She did not wait for him to reply, but hurried toward her room. For a moment Philip stared after her in amazement. Then he took a step as if to follow her, to call her back. The impulse left him as quickly as it came, and he rejoined Brokaw and the factor.

He looked at his watch. It was seven o'clock. At half-past seven he shook hands with the two men, lighted a fresh cigar, and passed out into the night. It was early for his meeting with Pierre and Jeanne, but he went down to the shore and walked slowly in the direction of the cliff. He was still an hour early when he arrived at the great rock, and sat down, with his face turned to the sea.

It was a white, radiant night, such as he had seen in the tropics. Only here, in the north, his vision reached to greater distances. Churchill lay lifeless in its pool of light; the ship hung like a black silhouette in the distance, with a cloud of jet-black smoke rising straight up from its funnels, and spreading out high up against the sky, a huge, ebon monster that cast its shadow for half a mile over the Bay. The shadow held Philip's eyes. Now it was like a gigantic face, now like a monster beast—now it reached out in the form of a great threatening hand, as though somewhere in the mystery of the north it sought a spirit-victim as potent as itself.

Then the spell of it was broken. From the end of the shadow, which reached almost to the base of the cliff on which Philip sat, there came a sound. It was a clear, metallic sound that left the vibration of steel in the air, and Philip leaned over the edge of the rock. Below him the shadow was broken into a pool of rippling starlight. He heard the faint dip of paddles, and suddenly a canoe shot from the shadow out into the clear light of the moon and stars.

It was a large canoe. In it he could make out four figures. Three of them were paddling; the fourth sat motionless in the bow. They passed under him swiftly, guiding their canoe so that it was soon hidden in the shelter of the cliff. By the faint reflections cast by the disturbed water, Philip saw that the occupants of the canoe had made an effort to conceal themselves by following the course of the dense shadow. Only the chance sound had led him to observe them.

Under ordinary circumstances the passing of a strange canoe at night would have had no significance for him. But at the present time it troubled him. The manner of its approach through the shadow, the strange quiet of its occupants, the stealth with which they had shot the canoe under the cliff, were all unusual. Could the incident have anything to do with Jeanne and Pierre?

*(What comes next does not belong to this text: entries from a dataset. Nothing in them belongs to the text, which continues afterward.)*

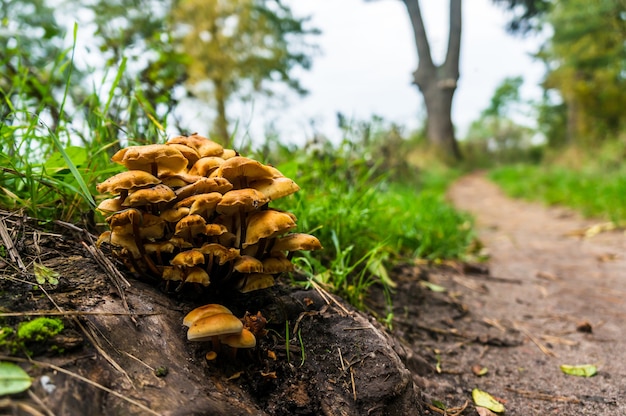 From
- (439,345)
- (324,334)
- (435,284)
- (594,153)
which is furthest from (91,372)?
(594,153)

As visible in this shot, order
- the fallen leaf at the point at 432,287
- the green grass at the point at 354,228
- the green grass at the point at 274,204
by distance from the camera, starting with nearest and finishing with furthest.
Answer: the green grass at the point at 274,204 → the green grass at the point at 354,228 → the fallen leaf at the point at 432,287

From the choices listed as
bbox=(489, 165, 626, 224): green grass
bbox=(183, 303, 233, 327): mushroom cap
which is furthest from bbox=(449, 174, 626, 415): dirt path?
bbox=(183, 303, 233, 327): mushroom cap

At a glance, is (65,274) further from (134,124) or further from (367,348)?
(134,124)

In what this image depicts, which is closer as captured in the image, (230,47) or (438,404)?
(438,404)

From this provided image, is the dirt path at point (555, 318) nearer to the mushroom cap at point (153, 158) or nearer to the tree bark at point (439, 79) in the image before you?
the mushroom cap at point (153, 158)

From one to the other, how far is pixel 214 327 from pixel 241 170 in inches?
18.7

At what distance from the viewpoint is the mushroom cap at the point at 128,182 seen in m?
1.16

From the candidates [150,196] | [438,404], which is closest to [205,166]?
[150,196]

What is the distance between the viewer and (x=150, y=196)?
3.80ft

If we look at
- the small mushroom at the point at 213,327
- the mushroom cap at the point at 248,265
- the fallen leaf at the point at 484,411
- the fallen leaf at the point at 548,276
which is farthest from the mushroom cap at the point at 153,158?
the fallen leaf at the point at 548,276

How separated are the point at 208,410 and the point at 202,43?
59.3ft

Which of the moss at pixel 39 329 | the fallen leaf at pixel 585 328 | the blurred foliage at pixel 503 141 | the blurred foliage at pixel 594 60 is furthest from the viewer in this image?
the blurred foliage at pixel 503 141

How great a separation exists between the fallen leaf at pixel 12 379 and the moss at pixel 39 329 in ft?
0.25

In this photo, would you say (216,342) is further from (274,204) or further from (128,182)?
(274,204) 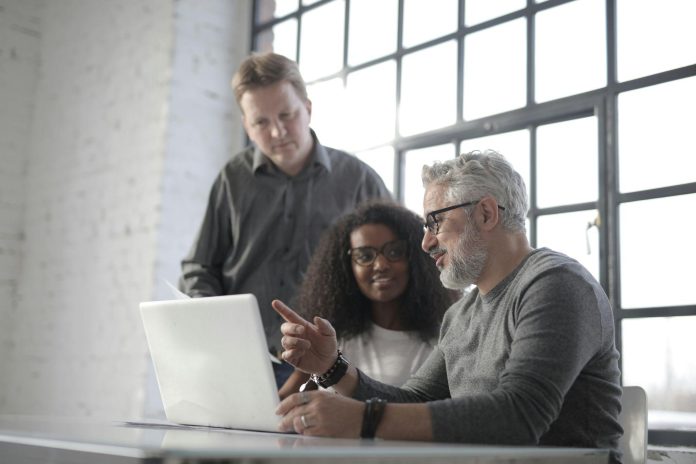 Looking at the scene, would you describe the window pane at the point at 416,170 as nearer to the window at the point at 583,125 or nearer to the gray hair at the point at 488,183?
the window at the point at 583,125

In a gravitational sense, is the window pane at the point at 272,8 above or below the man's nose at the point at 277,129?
above

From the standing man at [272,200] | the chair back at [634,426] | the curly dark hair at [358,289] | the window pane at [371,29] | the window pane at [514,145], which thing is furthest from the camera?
the window pane at [371,29]

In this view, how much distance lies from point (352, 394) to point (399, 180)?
2053mm

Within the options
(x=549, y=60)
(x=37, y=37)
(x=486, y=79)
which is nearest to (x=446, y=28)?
(x=486, y=79)

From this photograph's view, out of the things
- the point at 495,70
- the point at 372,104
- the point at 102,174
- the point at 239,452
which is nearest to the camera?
the point at 239,452

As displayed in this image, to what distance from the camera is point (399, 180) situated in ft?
12.9

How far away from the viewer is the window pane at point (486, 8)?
356 centimetres

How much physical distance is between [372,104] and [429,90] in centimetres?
38

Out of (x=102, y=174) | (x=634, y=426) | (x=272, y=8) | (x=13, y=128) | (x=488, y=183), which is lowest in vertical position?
(x=634, y=426)

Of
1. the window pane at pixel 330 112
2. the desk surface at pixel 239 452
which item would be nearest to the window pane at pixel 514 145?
the window pane at pixel 330 112

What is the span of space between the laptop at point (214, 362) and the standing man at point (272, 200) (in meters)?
0.98

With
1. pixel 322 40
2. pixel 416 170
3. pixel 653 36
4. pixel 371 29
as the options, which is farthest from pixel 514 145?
pixel 322 40

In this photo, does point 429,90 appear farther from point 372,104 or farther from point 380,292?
point 380,292

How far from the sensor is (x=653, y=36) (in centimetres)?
304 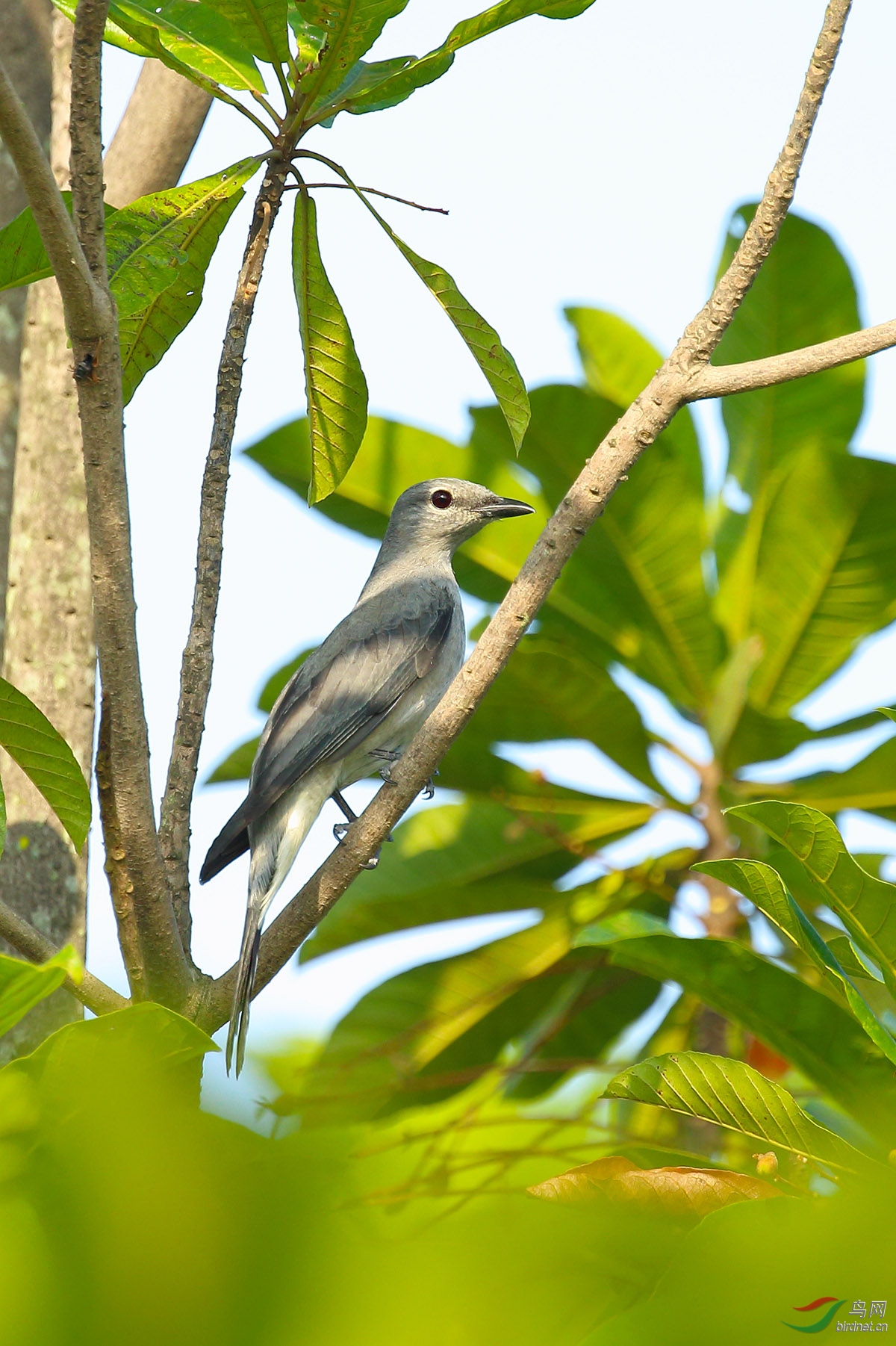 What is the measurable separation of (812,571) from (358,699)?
78.1 inches

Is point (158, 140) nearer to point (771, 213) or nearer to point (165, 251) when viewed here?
point (165, 251)

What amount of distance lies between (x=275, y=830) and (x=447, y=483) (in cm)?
A: 182

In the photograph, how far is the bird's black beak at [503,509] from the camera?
500cm

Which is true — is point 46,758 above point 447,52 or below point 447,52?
below

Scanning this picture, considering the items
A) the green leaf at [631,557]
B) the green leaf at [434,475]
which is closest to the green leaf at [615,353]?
the green leaf at [631,557]

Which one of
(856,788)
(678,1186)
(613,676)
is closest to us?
(678,1186)

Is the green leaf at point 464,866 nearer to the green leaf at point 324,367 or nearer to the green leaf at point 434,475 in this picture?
the green leaf at point 434,475

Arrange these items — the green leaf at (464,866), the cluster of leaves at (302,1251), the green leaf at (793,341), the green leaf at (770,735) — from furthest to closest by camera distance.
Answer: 1. the green leaf at (793,341)
2. the green leaf at (464,866)
3. the green leaf at (770,735)
4. the cluster of leaves at (302,1251)

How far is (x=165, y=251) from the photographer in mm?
2941

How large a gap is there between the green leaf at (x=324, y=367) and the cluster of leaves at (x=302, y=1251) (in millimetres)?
2808

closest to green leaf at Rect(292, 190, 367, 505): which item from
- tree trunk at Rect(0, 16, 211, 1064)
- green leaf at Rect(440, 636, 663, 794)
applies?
tree trunk at Rect(0, 16, 211, 1064)

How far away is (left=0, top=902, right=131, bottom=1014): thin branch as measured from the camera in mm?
2428

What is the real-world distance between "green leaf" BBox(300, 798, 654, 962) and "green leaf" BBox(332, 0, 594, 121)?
2841 mm

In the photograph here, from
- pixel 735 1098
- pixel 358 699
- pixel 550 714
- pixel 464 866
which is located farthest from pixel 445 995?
pixel 735 1098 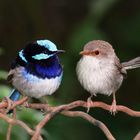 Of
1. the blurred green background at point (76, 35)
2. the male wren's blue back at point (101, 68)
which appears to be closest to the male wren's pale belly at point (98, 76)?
the male wren's blue back at point (101, 68)

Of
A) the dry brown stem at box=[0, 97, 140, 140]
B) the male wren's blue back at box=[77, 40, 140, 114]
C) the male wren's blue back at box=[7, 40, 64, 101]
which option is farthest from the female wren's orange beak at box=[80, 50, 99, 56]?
the dry brown stem at box=[0, 97, 140, 140]

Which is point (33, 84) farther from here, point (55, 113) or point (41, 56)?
point (55, 113)

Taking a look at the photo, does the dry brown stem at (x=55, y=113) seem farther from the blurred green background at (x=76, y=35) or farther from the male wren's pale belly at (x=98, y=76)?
the blurred green background at (x=76, y=35)

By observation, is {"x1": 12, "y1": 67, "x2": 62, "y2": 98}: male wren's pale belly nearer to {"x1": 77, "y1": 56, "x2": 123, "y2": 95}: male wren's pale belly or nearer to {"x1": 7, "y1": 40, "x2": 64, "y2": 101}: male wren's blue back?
{"x1": 7, "y1": 40, "x2": 64, "y2": 101}: male wren's blue back

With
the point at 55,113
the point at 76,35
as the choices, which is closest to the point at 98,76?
the point at 55,113

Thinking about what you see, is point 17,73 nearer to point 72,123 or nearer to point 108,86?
point 108,86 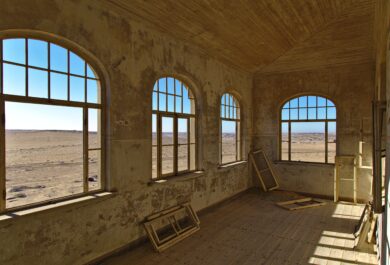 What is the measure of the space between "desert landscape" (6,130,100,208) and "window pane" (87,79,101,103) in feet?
1.75

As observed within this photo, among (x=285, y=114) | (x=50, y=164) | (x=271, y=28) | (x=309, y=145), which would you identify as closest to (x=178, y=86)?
(x=271, y=28)

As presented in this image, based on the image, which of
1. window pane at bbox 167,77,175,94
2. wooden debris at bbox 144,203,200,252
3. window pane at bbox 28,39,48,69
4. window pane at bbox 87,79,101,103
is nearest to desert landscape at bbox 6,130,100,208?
window pane at bbox 87,79,101,103

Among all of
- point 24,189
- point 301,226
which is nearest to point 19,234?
point 301,226

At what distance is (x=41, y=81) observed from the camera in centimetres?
324

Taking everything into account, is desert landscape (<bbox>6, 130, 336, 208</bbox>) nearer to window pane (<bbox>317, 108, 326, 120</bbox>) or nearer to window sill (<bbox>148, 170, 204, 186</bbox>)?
window sill (<bbox>148, 170, 204, 186</bbox>)

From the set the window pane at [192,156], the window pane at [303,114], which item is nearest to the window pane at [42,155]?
the window pane at [192,156]

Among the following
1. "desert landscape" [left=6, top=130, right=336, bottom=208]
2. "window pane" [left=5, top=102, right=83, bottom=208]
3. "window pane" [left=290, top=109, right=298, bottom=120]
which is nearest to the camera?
"window pane" [left=5, top=102, right=83, bottom=208]

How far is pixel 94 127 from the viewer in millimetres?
3889

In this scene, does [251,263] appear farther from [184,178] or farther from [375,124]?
[375,124]

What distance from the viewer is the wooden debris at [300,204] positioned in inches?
258

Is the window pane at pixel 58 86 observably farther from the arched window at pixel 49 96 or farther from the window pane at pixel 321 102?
the window pane at pixel 321 102

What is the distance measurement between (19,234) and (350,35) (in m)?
7.58

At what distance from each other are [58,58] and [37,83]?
0.45 metres

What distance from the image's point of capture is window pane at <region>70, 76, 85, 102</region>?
11.7 feet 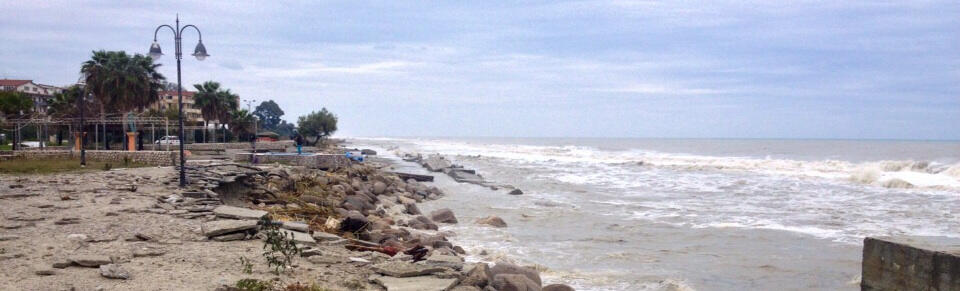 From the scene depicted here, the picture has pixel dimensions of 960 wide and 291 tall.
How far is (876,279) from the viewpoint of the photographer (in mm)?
7852

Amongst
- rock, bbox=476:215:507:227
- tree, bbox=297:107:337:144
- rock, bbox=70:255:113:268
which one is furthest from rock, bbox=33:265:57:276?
tree, bbox=297:107:337:144

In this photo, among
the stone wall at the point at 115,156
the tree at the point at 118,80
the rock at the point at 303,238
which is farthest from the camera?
the tree at the point at 118,80

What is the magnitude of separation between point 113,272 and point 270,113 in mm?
134659

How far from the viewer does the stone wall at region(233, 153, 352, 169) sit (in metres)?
26.7

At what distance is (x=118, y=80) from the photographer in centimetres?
4019

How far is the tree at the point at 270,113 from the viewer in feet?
437

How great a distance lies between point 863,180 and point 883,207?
11.4m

He waited until he heard the tiny bell in his watch tinkle the half-hour, and then he set out slowly over the moonlit rocks to the north. Jeanne and Pierre would surely come from that direction. It was impossible to miss them. He walked without sound in his moccasins, keeping close to the edge of the cliff so that he could look out over the Bay. Two or three hundred yards beyond the big rock the sea-wall swung in sharply, disclosing the open water, like a still, silvery sheet, for a mile or more. Philip scanned it for the canoe, but as far as he could see there was not a shadow.

For a quarter of a mile he walked over the rocks, then returned. It was nine o'clock. The moment had arrived for the appearance of Jeanne and Pierre. He resumed his patrol of the cliff, and with each moment his nervousness increased. What if Jeanne failed him? What if she did not come to the rock? The mere thought made his heart sink with a sudden painful throb. Until now the fear that Jeanne might disappoint him, that she might not keep the tryst, had not entered his head. His faith in this girl, whom he had seen but twice, was supreme.

A second and a third time he patrolled the quarter mile of cliff. Again his watch tinkled the half-hour, and he knew that the last minutes of the appointed time had come.

The third and last time he went beyond the quarter-mile limit, searching in the white distances beyond. A low wind was rising from the Bay; it rustled in the spruce and balsam tops of the forest that reached up to the barren whiteness of the rock plateau on which he stood; under him he heard, growing more and more distinct, the moaning wash of the swelling tide. A moment of despair possessed him, and he felt that he had lost.